There was a time when people used to drop into each other’s homes.  All the time.  It was the way things happened when I grew up on the farm.  Certainly there were visits scheduled ahead of time when your hosts knew you were coming but there was lots of impromptu visiting.  Neighbours and friends would come by for coffee in the morning or just before lunch or dinner and would be seated at the table to join in the family fare.  Every so often I pull out a pile of letters my Mother wrote to me when I was at university.  She filled the pages with news of everyday life and almost everyday, sometimes more than once a day, people dropped by.  A stream of wonderfully warm social interaction.  

Over time things have changed.  At least they have in our experience. When and why did people stop dropping by?  Is it urban living?  Do we think we have to have everything just so before people come over nowadays?  One thing about drop-of-the-hat entertaining is you serve what you have on hand and you eat what is offered.  It could be Cheerios for lunch.   Now there is some unwritten understanding that you must call or email and text ahead.  Whatever the reason, we are the poorer for it.  

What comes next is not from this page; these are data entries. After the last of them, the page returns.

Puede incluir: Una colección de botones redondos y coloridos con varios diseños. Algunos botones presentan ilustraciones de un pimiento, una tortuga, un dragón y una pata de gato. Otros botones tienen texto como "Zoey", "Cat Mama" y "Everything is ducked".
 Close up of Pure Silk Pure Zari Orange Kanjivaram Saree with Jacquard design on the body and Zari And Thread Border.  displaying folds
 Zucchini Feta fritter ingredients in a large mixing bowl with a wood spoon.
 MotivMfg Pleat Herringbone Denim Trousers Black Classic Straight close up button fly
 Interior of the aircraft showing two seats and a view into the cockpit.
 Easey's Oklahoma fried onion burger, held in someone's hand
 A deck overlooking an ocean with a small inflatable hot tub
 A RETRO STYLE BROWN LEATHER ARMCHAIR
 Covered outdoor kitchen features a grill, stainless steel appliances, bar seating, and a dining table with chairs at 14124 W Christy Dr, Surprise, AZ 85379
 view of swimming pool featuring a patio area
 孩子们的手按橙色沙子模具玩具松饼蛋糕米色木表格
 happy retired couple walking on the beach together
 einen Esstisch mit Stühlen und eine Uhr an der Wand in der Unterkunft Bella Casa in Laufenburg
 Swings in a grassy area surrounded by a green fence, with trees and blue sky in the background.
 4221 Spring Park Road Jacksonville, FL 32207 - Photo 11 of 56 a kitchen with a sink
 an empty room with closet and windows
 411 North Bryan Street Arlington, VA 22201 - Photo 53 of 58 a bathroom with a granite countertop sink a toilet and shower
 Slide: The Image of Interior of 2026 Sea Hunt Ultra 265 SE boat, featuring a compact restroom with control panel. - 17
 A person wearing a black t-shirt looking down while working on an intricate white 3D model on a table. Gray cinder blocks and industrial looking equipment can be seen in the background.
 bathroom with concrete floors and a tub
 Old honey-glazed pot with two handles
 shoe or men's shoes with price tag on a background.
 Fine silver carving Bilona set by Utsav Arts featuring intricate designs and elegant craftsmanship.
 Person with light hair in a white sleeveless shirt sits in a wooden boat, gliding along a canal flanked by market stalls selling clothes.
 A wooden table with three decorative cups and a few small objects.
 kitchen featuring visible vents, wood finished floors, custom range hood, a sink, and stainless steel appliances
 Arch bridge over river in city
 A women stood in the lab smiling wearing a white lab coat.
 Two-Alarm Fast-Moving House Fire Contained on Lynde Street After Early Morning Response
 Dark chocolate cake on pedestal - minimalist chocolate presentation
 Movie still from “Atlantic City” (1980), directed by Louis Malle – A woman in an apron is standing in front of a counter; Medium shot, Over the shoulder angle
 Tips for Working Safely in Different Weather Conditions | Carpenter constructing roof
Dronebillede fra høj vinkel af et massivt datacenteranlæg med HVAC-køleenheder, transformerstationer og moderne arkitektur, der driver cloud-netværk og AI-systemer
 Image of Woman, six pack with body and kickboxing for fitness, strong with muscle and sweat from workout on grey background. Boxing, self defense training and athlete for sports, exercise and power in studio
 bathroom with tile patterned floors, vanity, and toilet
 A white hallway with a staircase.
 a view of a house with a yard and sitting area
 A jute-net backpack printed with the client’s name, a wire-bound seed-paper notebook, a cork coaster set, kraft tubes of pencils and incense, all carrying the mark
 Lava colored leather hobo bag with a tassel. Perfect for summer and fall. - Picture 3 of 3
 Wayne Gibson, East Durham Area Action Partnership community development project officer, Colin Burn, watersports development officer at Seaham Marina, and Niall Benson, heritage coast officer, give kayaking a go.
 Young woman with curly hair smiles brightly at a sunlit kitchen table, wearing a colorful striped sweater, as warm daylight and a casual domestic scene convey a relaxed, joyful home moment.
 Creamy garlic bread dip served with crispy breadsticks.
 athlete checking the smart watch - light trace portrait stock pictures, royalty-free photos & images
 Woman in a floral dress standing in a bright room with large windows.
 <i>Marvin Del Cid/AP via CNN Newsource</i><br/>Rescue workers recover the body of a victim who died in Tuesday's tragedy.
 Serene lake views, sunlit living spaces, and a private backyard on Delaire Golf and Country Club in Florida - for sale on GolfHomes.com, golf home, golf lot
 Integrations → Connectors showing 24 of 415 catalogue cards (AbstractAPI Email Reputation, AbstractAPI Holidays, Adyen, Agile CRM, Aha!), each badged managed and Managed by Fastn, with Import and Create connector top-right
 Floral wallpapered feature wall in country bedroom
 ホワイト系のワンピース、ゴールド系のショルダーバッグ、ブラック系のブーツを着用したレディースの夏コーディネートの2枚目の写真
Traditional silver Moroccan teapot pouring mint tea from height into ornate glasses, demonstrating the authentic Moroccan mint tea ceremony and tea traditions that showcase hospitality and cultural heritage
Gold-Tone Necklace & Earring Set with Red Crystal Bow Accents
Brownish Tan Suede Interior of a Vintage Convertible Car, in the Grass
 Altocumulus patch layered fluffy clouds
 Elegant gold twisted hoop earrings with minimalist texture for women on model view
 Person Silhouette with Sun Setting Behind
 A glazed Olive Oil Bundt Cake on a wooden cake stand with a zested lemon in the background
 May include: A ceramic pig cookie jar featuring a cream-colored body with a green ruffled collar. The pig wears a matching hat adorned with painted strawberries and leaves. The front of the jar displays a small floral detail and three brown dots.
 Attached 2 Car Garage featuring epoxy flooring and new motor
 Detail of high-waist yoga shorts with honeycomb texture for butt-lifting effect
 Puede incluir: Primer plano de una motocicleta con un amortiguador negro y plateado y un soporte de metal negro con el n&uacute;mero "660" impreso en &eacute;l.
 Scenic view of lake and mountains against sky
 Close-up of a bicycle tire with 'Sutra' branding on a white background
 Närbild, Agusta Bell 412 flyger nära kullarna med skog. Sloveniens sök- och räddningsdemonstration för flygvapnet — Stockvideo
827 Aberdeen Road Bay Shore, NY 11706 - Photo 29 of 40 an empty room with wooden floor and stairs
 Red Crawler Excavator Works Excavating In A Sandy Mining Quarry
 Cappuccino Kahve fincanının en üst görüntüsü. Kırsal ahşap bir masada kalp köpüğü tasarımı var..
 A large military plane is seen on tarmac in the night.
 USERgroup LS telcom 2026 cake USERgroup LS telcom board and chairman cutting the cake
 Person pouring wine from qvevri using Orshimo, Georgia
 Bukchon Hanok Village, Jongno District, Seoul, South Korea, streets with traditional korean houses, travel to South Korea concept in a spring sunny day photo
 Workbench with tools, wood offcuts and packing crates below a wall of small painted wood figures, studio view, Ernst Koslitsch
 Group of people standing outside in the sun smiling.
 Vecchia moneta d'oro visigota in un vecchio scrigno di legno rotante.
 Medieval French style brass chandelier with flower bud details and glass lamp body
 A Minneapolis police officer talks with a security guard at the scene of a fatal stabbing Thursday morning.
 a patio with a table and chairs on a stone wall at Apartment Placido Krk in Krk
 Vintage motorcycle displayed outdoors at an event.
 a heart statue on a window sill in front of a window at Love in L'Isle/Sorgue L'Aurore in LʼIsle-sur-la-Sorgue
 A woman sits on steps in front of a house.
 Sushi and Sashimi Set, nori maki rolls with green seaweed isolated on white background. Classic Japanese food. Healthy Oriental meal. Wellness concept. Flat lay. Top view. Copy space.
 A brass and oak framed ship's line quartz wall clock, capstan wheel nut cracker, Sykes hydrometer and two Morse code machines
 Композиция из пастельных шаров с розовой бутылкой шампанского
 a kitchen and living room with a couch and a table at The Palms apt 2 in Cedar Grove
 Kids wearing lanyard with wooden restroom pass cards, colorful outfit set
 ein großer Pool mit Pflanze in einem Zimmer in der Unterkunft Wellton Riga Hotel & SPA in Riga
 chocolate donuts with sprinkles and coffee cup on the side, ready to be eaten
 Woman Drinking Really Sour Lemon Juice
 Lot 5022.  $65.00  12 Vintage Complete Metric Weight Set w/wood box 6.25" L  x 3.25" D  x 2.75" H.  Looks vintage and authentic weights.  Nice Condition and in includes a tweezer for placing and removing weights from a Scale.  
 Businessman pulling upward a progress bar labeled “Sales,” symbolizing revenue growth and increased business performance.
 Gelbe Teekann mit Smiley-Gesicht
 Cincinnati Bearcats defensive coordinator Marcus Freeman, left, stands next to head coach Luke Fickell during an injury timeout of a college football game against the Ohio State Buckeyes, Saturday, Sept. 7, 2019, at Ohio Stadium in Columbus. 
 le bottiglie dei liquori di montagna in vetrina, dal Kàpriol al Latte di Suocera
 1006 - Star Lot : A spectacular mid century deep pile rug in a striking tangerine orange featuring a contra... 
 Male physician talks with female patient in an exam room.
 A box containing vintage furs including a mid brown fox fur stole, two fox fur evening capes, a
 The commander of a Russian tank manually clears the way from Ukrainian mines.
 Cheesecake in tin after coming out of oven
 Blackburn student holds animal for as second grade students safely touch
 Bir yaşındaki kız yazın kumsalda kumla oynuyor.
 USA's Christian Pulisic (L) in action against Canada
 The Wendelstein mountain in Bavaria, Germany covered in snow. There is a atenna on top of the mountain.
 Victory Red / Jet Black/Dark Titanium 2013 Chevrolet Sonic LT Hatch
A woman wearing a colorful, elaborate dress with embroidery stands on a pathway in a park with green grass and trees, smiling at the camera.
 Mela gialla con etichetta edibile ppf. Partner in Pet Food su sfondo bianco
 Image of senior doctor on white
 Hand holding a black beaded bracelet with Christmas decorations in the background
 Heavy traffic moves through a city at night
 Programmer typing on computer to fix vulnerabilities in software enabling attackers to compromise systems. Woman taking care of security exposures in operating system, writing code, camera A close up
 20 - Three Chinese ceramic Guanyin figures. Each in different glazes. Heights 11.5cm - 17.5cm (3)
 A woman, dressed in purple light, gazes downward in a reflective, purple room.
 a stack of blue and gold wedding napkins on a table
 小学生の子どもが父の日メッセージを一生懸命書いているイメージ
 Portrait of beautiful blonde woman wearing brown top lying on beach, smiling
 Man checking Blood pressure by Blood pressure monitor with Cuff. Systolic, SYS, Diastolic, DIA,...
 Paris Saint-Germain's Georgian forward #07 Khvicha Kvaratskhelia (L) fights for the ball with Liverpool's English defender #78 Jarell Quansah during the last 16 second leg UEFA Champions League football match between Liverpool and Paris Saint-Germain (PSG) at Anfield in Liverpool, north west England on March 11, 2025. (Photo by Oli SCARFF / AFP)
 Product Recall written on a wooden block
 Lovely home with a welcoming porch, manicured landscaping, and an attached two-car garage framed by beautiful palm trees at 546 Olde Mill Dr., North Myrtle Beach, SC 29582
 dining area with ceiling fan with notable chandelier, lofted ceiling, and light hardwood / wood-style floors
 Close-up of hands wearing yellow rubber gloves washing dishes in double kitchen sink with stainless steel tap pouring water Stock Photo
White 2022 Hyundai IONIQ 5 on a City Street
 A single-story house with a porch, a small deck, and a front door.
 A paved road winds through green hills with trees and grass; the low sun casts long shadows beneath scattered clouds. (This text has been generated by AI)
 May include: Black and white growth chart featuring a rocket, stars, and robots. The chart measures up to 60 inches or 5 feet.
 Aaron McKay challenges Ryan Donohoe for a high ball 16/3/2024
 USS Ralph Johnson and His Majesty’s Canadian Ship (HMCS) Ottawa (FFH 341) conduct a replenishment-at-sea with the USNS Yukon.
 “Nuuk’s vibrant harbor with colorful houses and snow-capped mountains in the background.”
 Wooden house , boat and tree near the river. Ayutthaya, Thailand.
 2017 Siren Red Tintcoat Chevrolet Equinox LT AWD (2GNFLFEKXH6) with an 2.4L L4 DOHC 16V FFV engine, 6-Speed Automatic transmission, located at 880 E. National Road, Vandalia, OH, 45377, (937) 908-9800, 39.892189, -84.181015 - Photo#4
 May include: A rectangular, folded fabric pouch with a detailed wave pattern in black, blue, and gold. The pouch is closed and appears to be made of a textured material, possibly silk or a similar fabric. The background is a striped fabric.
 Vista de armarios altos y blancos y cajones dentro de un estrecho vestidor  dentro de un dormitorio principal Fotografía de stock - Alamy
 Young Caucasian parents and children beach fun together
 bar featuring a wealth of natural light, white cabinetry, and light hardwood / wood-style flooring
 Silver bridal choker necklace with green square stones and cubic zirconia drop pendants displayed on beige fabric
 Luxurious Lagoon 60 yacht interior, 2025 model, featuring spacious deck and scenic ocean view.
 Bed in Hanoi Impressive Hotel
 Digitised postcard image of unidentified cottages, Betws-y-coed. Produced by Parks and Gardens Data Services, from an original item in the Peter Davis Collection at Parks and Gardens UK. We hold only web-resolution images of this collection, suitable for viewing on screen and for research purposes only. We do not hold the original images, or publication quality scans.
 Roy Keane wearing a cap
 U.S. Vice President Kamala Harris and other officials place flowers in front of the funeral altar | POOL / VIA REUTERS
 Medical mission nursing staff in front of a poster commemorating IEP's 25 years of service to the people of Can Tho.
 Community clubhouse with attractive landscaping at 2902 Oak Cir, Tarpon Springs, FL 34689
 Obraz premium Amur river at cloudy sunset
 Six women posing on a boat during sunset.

The idea from this blog comes from a gift I received last week.  The doorbell rang and, my goodness, there was a friend!   She was in the neighbourhood and dropped by-just like that!  What a wonderful surprise.  It was lunch and she said, yes, she would like to stay and anything would be fine.  Even Cheerios.  Fortunately there were supplies on hand to make something looking like lunch but I know she would have been happy with Cheerios.  And I was so very happy to have her seated in the kitchen.  We visited and it was grand.  When she left I looked around and saw there was ironing on the railing, waiting for the ironing board, a floor half washed, the vacuum hose lying in the middle of the floor and the counter strewn with ingredients for the evening meal prep.  She’d walked into and around all of it.  There was enough room to find a spot to eat and lots of time to visit.

I hope this is the start of a renaissance of dropping by.  My husband is planning to drop by a friend’s workshop this afternoon.  And he’ll be happy to be welcomed and to have a visit and who knows, maybe some Cheerios.

Is our experience one of city dwellers?  Or maybe we just aren’t that approachable (note to self: remember to invite people to drop by).  What’s your experience of dropping over these days?

Simply Biscotti Pumpkin Muffin

4 thoughts on “Why Don’t People Drop In Anymore?

  1. I can’t speak for urban dwellers but dropping by was certainly part of my growing up too, Usually for lunch, afternoon or evening coffee. My grandmother used to say “Come on in, I have a big pot of potatoes cooked”. They took the time in those days. She could open a jar of canned beef or chicken and one of vegetables and feast however many she had potatoes for.
    Communication in advance was not easy. Today it is and people are expected to “call ahead” because whatever there is to eat extra is likely frozen. I loved when people dropped in on us with no notice as Ella remained quite calm. If she knew they were coming everything had to be perfect and she was always upset.

    1. Your comment brings back memories of jellied, canned chicken. And homemade bread and a chocolate cake a day. I agree that if people drop in it’s ‘take us as we are’ while a longer standing invitation means you should be well ready.

  2. People don’t drop by..because..you don’t live in Saskatchewan anymore.
    Mom used to ‘drop by’ Anne’s on the way home from town almost every trip. I know she dropped in at your Mom’s every time she drove back from Brandon.

    Drop by sometime for coffee….

    1. Do you think it is a rural or small community thing, then. It is hard to drop in on us if we don’t live in the same province. And I will remember the invite to drop by. Thank you ! Nice to hear from you Penny.